Lydia Grant Character of the Month

 


Lydia Grant is the confident, tough talking dance teacher at the school of the Arts.  She instils discipline, professionalism and hard work into her students in order to push them to be the very best they can be.

She is strong willed and determined. She is as hard on herself as she is on her students and wants to pass on all the knowledge and wisdom that she has gained over the years of how show business works.


Lydia is a talented dancer and performer in her own right and has her own dreams of "Fame" and has performed professionally but she also loves teaching and seeing her students develop.

Lydia also has a strong sense of equality, right and wrong and is not easily fooled.
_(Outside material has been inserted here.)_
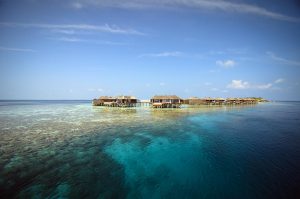 Lily Beach Resort & Spa - Sunset Water Suites et récif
She also enjoys a challenge. 

She has her own dreams of "Fame" and has performed professionally but she also loves teaching and seeing her students develop.
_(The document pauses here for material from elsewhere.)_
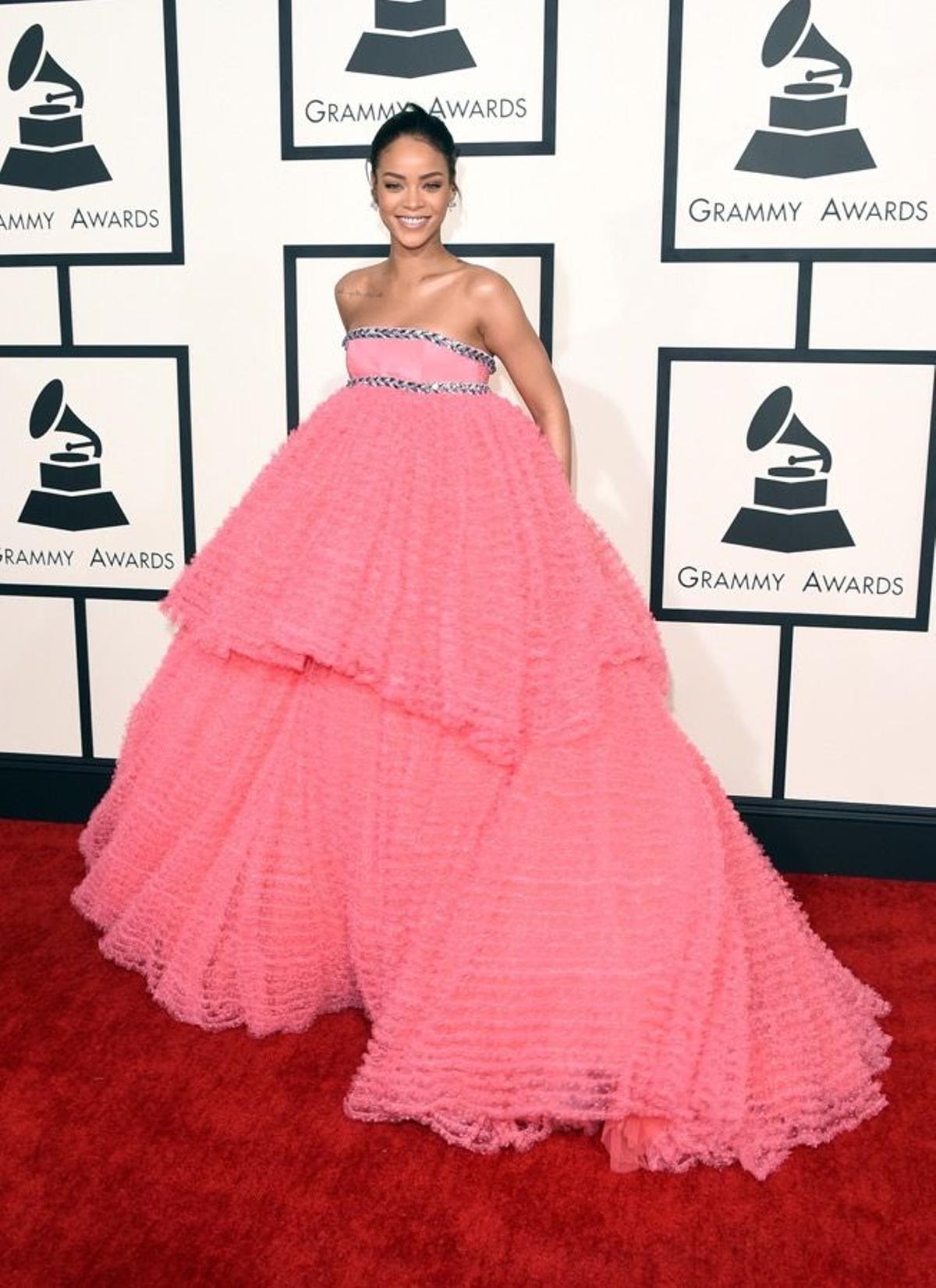 Las más elegantes de los Grammy, Rihanna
We learn in "Tomorrow's Children" that in the 60s she took part in sit in to protest for human rights and  racial discrimination. She had to fight for the right to go to ballet class.



A single independent woman, Lydia has experienced love but never found the one special person to settle down with. In "The Last Dance" we learn that her high school sweetheart, first boyfriend and the first guy she kissed was Billy Waters.  In "Pros and Cons" after Lydia has been to her 15 year High School reunion, where she graduated in 1971 Billy Waters returns. however Love isn't on the cards as Billy turns out to be a con man.

In "Blizzard" Lydia talks about wanting children and says she's often wondered what it was like to have a baby growing inside. Although her students definitely are like a substitute for her own kids. She has a particularly strong feelings of concern for Leroy.


Despite Lydia's tough exterior, she is a sensitive soul  who will go out of her way to help anyone. In "Expose" we discover that she keeps records of job vacancies and contacts to help kids find jobs to help them pay their way while pursuing their dreams of Fame.


In "Of Cabbages and Kings" we learn that she keeps a scrapbook on all the students and events that happen at the school.

In "Reflections" it is revealed that Lydia suffered from Anorexia as a teenager but eventually got over it as she wanted to Live.